Exercise:
Reproduce every line below exactly as written; do not include the images.

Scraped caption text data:
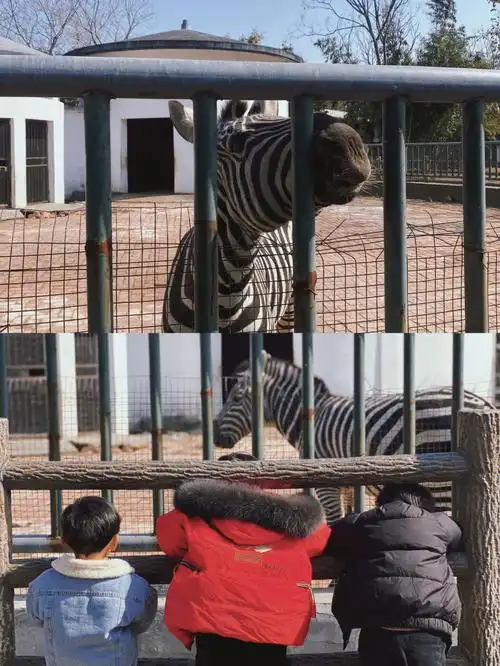 泰州动物园虽小但对娃来说乐趣足以亲子游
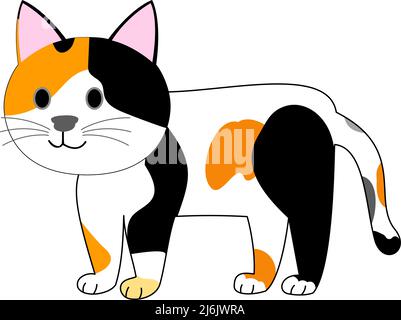 Eine stehende Kalikatze mit weißem Hintergrund Stockfoto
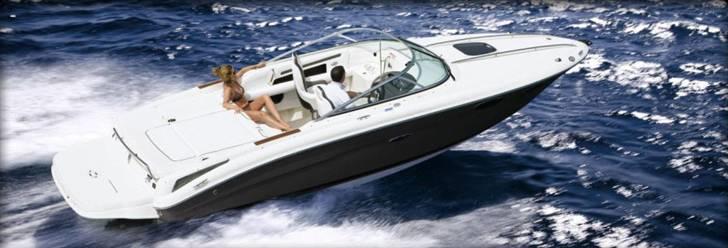 Sea Ray 240 Sun Sport billede 12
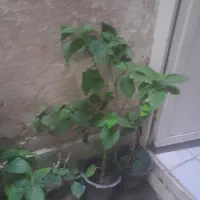 گل با  گلدان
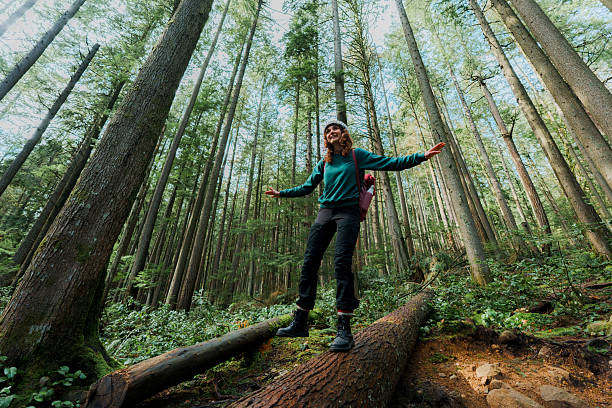 istock Woman exploring serene forest in Vancouver, Canada in summer 2234510780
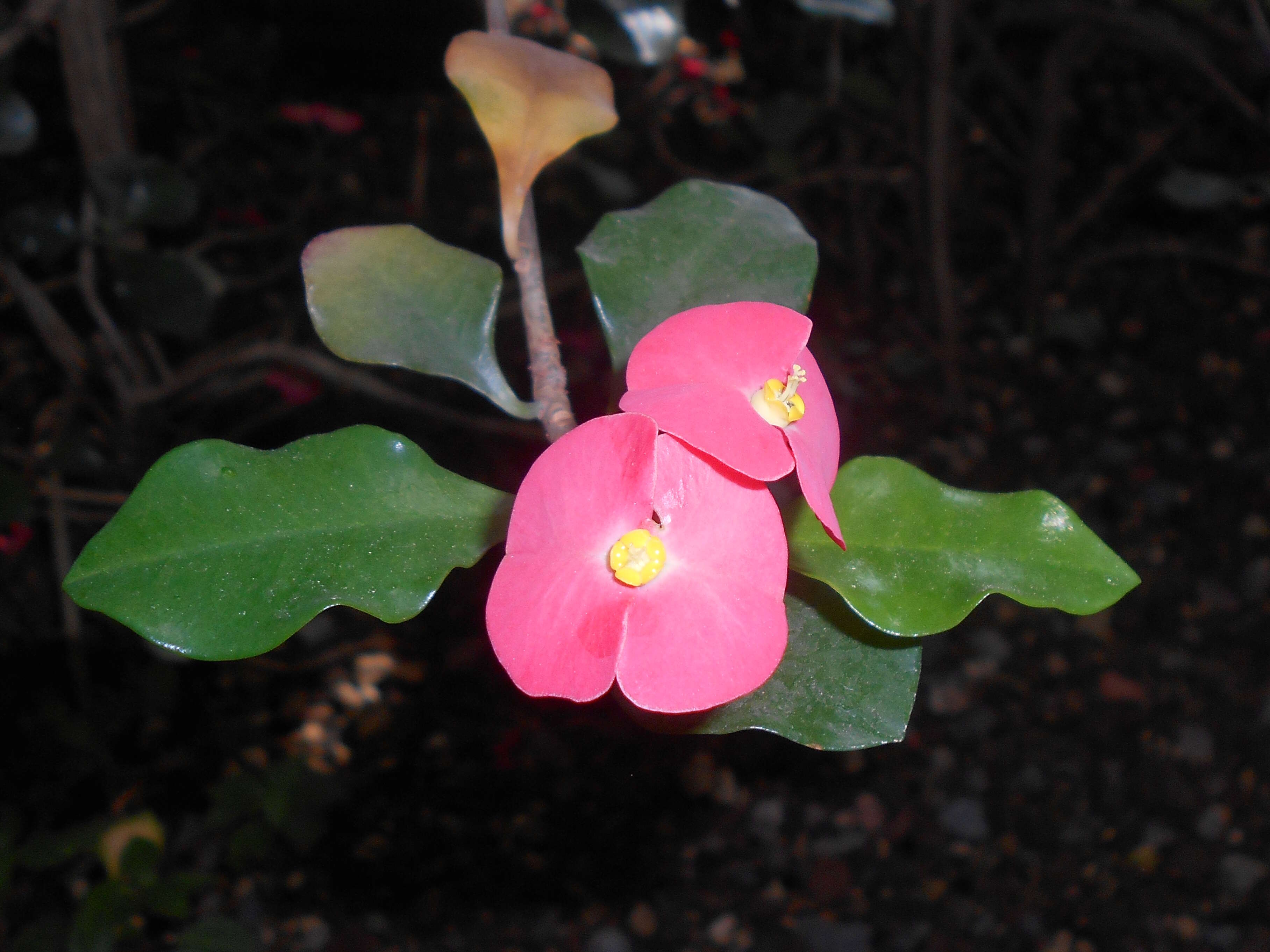 Euphorbia geroldii Rauh resmi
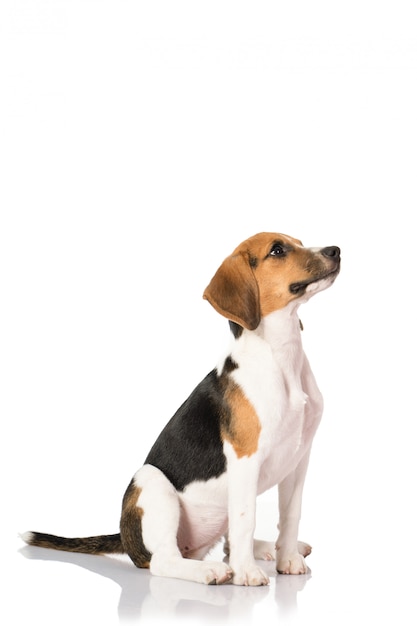 Beagle-Hund auf Weiß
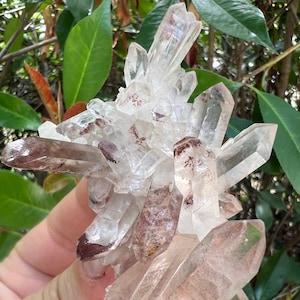 Harlequin Quartz Crystal Cluster, Hematoid Phantom Quartz, Hematite Included Quartz, Phantom Quartz Cluster, Healing Crystal + Gemstone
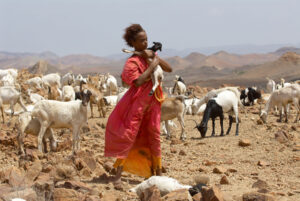 Afrika Film Festival 2026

Task output:
 泰州动物园虽小但对娃来说乐趣足以亲子游
 Eine stehende Kalikatze mit weißem Hintergrund Stockfoto
 Sea Ray 240 Sun Sport billede 12
 گل با  گلدان
 istock Woman exploring serene forest in Vancouver, Canada in summer 2234510780
 Euphorbia geroldii Rauh resmi
 Beagle-Hund auf Weiß
 Harlequin Quartz Crystal Cluster, Hematoid Phantom Quartz, Hematite Included Quartz, Phantom Quartz Cluster, Healing Crystal + Gemstone
 Afrika Film Festival 2026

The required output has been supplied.